EXERCISE PROMPT: Once the line containing "246 Biddle Street, Chesapeake City, MD, 21915" is located in the records below, repeat it and all lines that follow it exactly, leaving out any picture.

DATA EXCERPTS:
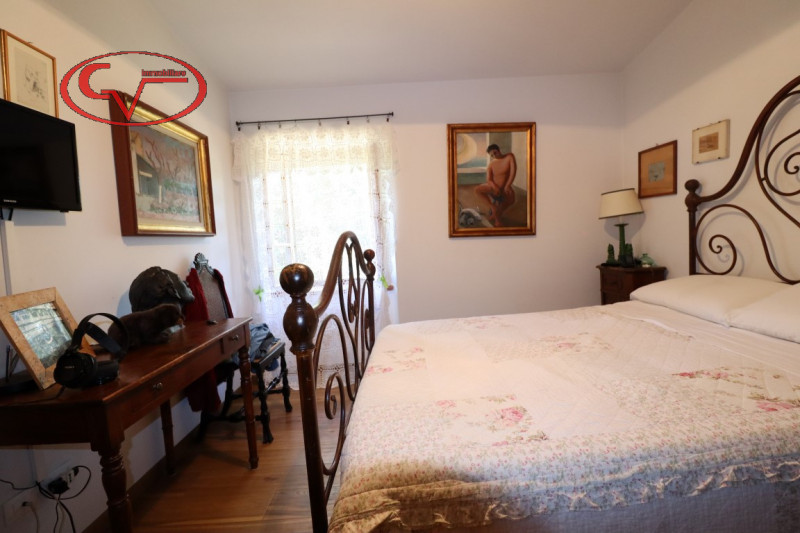 Immagine 37 di Villa in vendita  in vald'ambra a Bucine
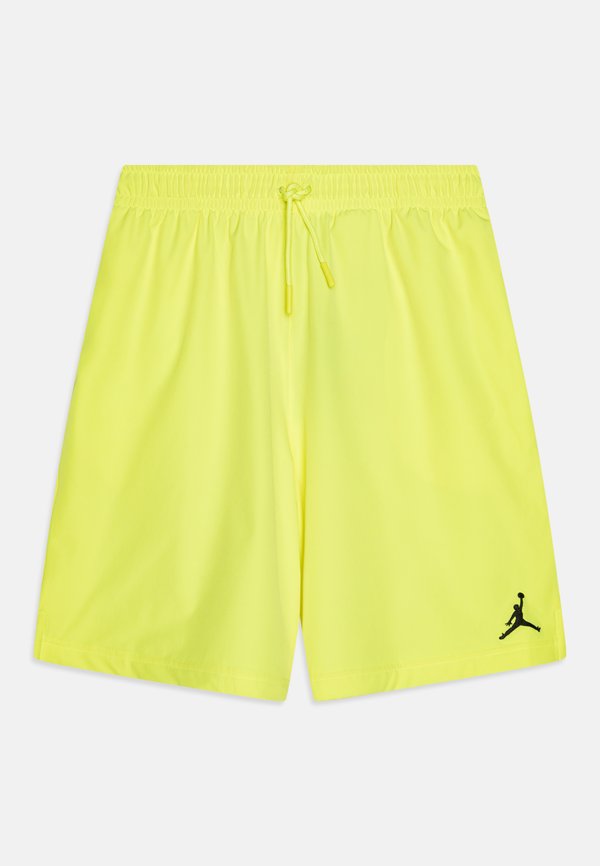 JUMPMAN PLAY - Swimming shorts - lemon twist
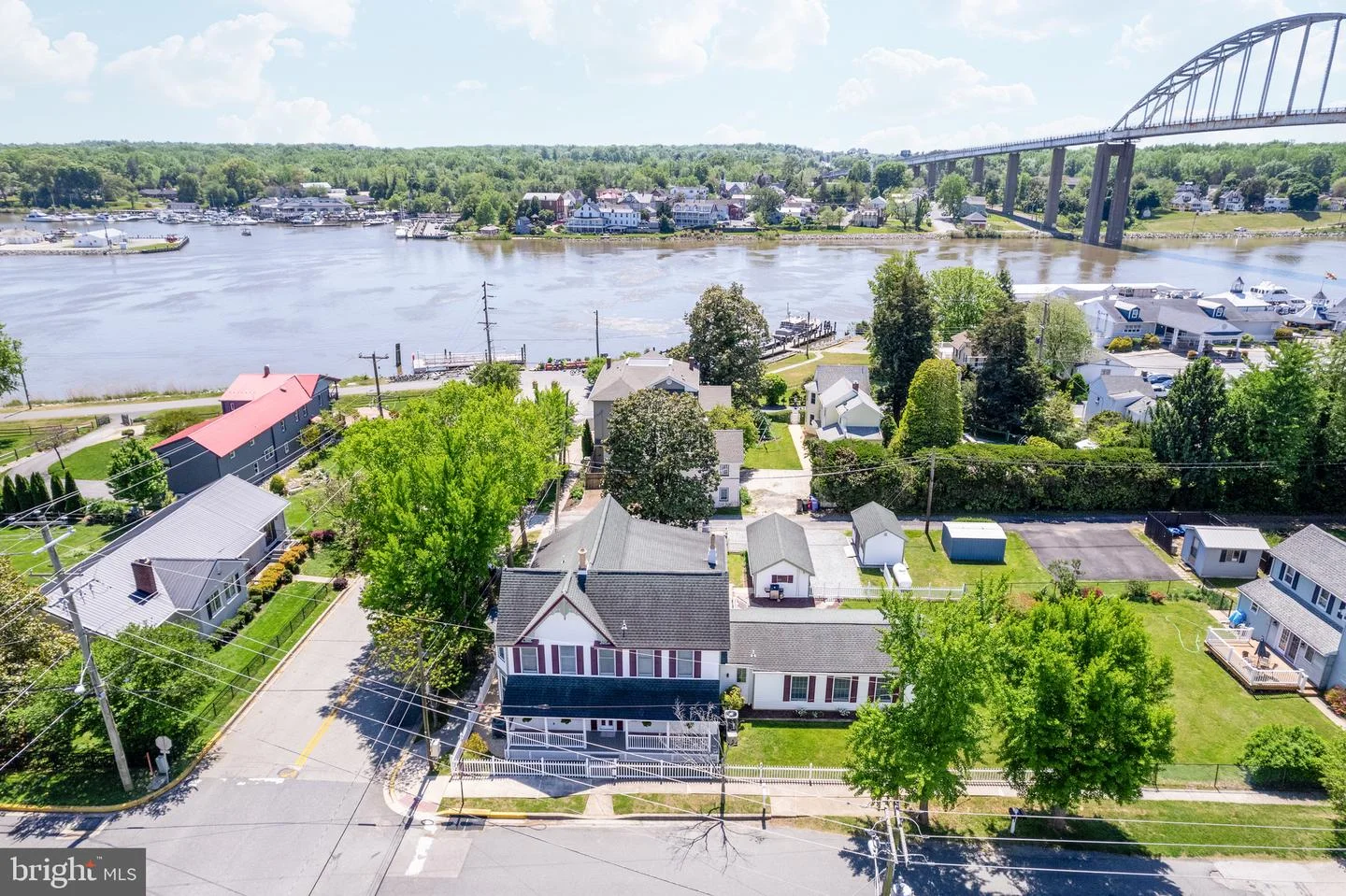246 Biddle Street, Chesapeake City, MD, 21915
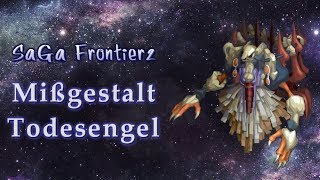 SaGa Frontier2  Egg Battle Theme acoustic cover Mißgestalt  Todesengel サガフロンティア２ [upl. by Nedloh]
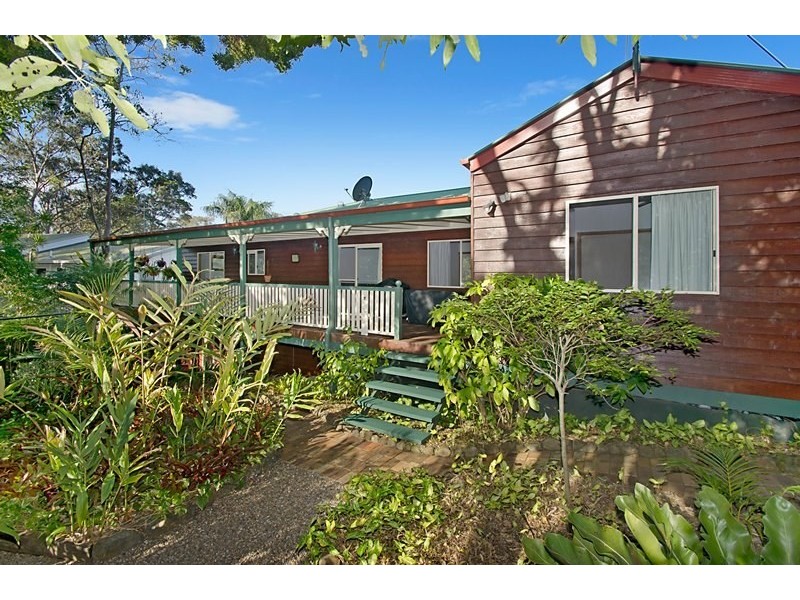 2 Marti Court, Buderim QLD 4556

YOUR RESPONSE:
246 Biddle Street, Chesapeake City, MD, 21915
 SaGa Frontier2  Egg Battle Theme acoustic cover Mißgestalt  Todesengel サガフロンティア２ [upl. by Nedloh]
 2 Marti Court, Buderim QLD 4556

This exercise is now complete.